The Your Life table had "surprise" situations hidden in plastic eggs that included such things as winning prize money, unforeseen illness, and a $75 speeding ticket. A Help station was available for those whose expenditures exceeded income. One solution was the table offering part-time work.
Destiny Hayden, seventh-grader at Liberty Traditional School, sought help when she realized she had no money to feed her children and she needed better housing. She was making $60,000 as a singer-songwriter with three children.
"Oh, my gosh. I didn't want kids, but I got the ticket for three. That's a shocker right there," Hayden said.
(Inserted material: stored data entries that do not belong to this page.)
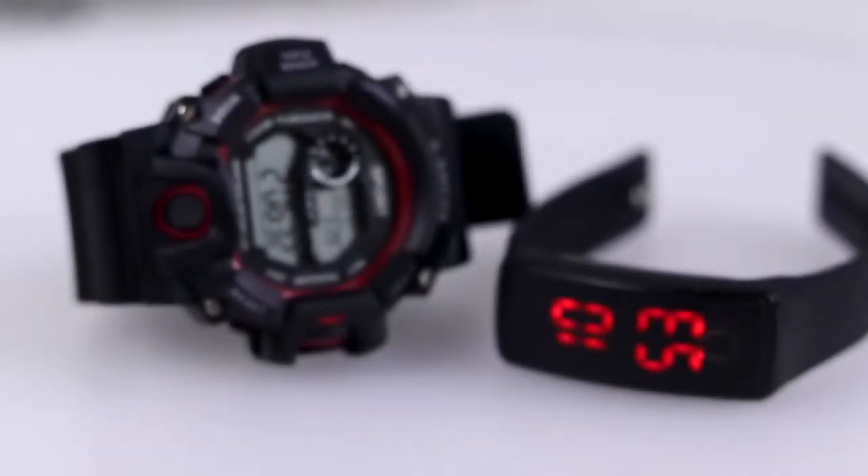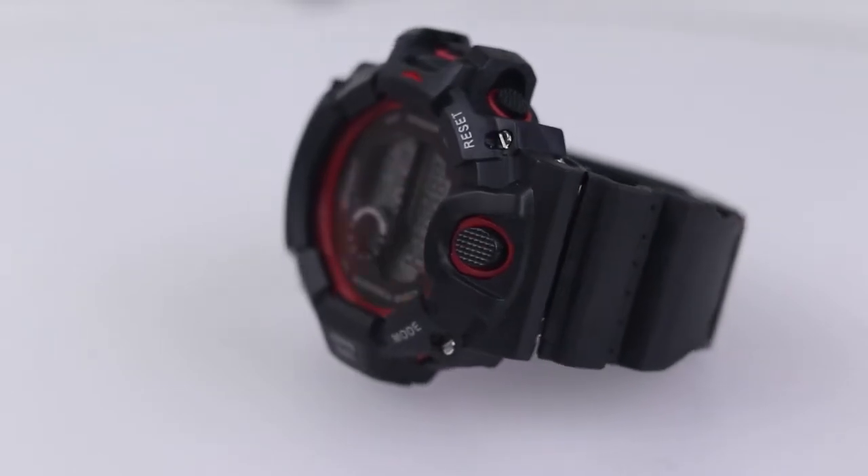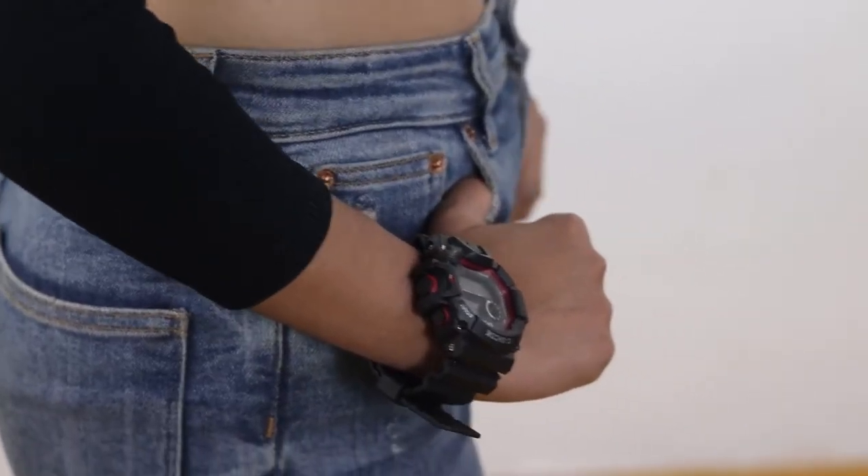This set includes two black digital watches with red accents. The combination of colors looks so smart and stylish and are perfect for every occasion.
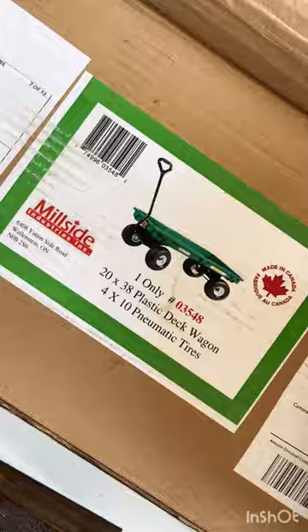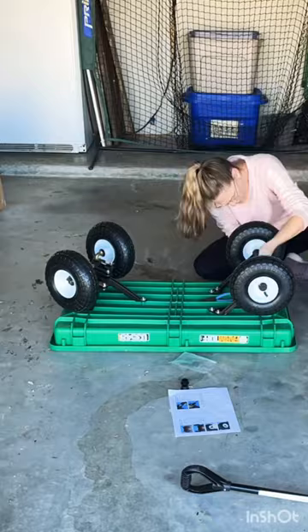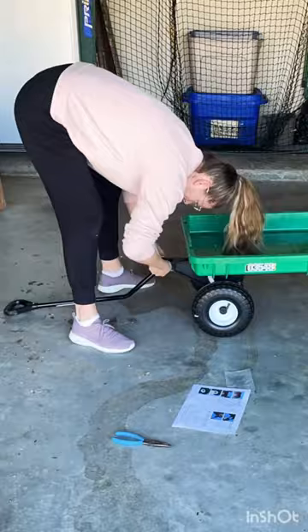I found the process pretty easy to put it all together. At first I didn't think I was going to need any tools, but I ended up needing a ratchet and some needle nose pliers. Pretty simple.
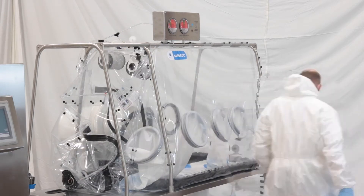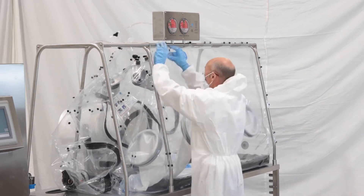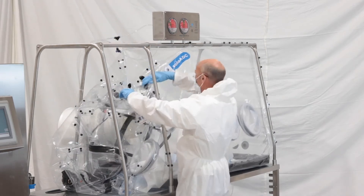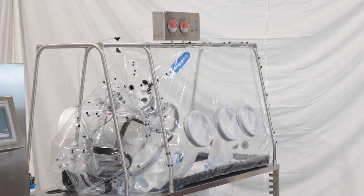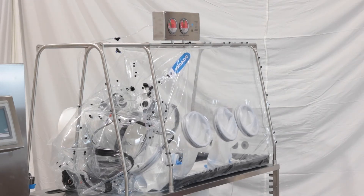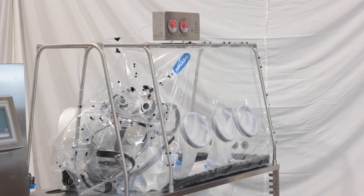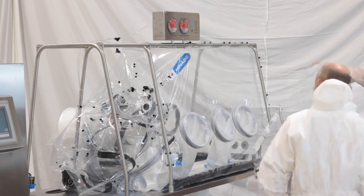Next you uncouple the transfer HEPA filters from the stainless steel support frame and remove further flexible film tabs. This will allow more contaminated air within the process chamber to be exhausted through the double HEPA filter system located in its own dedicated canister below the table.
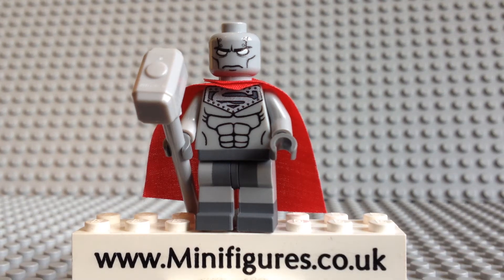Hello and welcome to a Steel custom minifigure review. This high quality digitally printed minifigure is by Custom Bricks.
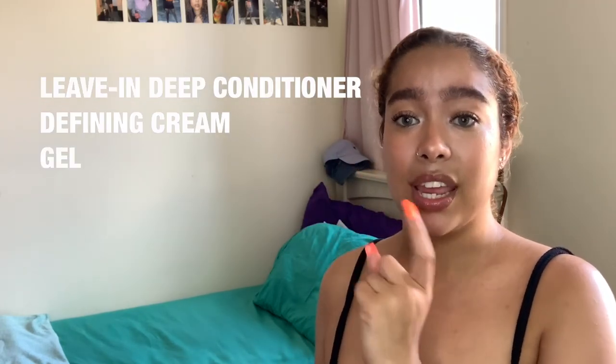I tend to get a lot of buildup depending on the products I'm using, so a scrub is definitely good. The routine I always go by includes a leave-in conditioner, a defining cream, a gel, and an oil. My hair is wet — I'm gonna wet it some more because I like when my hair is drenched while I style it. Dry hair promotes frizziness, so re-wetting is amazing.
The afternoon included an opportunity to ask questions of women in several professions at a Career Fair.
"I wish we had this when we were young," said Diane DeLong, senior program manager with North Star Youth Partnership. She added that the project was a "perfect fit" for the collaboration between AAUW, North Star Youth Partnership and the Girl Scouts.
"Financial education is so important - and equally important for boys," she added.
Mann said, although she conducted similar events, this was the first year in the quad-cities. Evaluations from the girls and volunteers were "overwhelmingly positive," she said.
"Most girls were not able to achieve the lifestyle that they imagined that they would have with the jobs they chose," Mann said. "They came to a higher level of understanding about the struggles and tradeoffs that their parents face in trying to meet all the needs of the family."